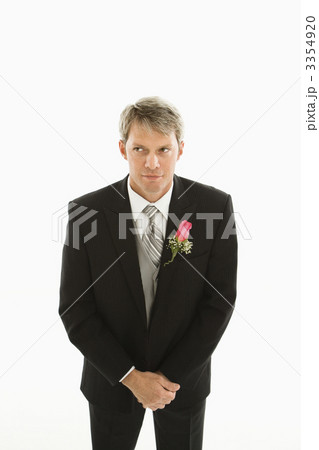 Portrait of groom. 3354920
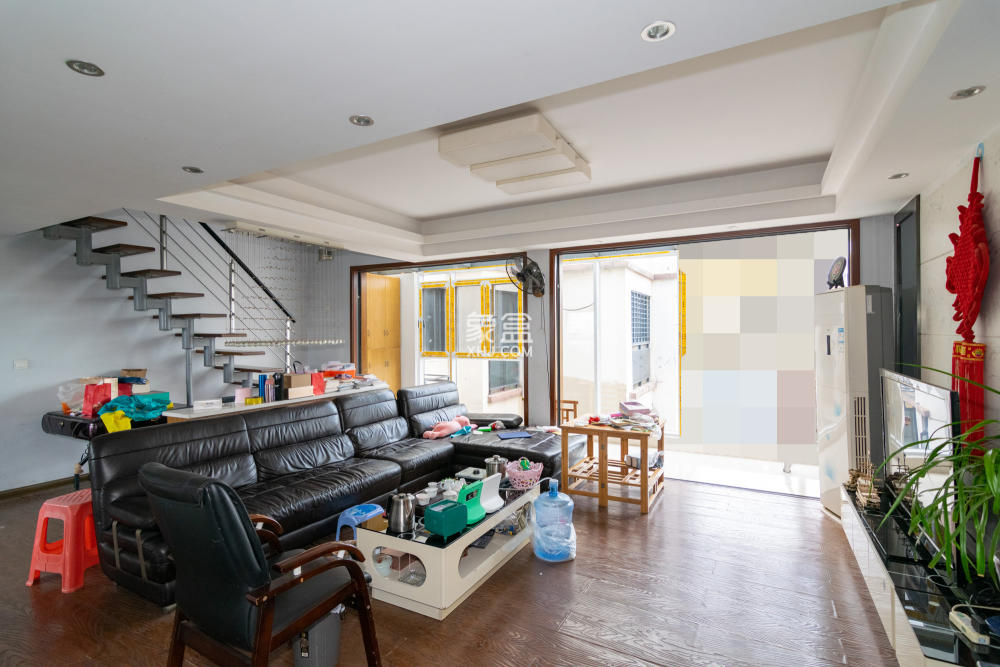 珠江东方明珠（新地东方明珠）三期  4室2厅1卫    129.0万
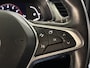 Renault Captur 130PK TCe Intens Automaat | Navi | Camera | Parkeersensoren | Climate Control | Apple CarPlay/Android Auto | Full LED | Licht & Regen Sensor | Lichtmetalen Velgen | Armsteun |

Description of the task
No picture should be included when the data are set down again exactly.

Exercise response
 Portrait of groom. 3354920
 珠江东方明珠（新地东方明珠）三期  4室2厅1卫    129.0万
 Renault Captur 130PK TCe Intens Automaat | Navi | Camera | Parkeersensoren | Climate Control | Apple CarPlay/Android Auto | Full LED | Licht & Regen Sensor | Lichtmetalen Velgen | Armsteun |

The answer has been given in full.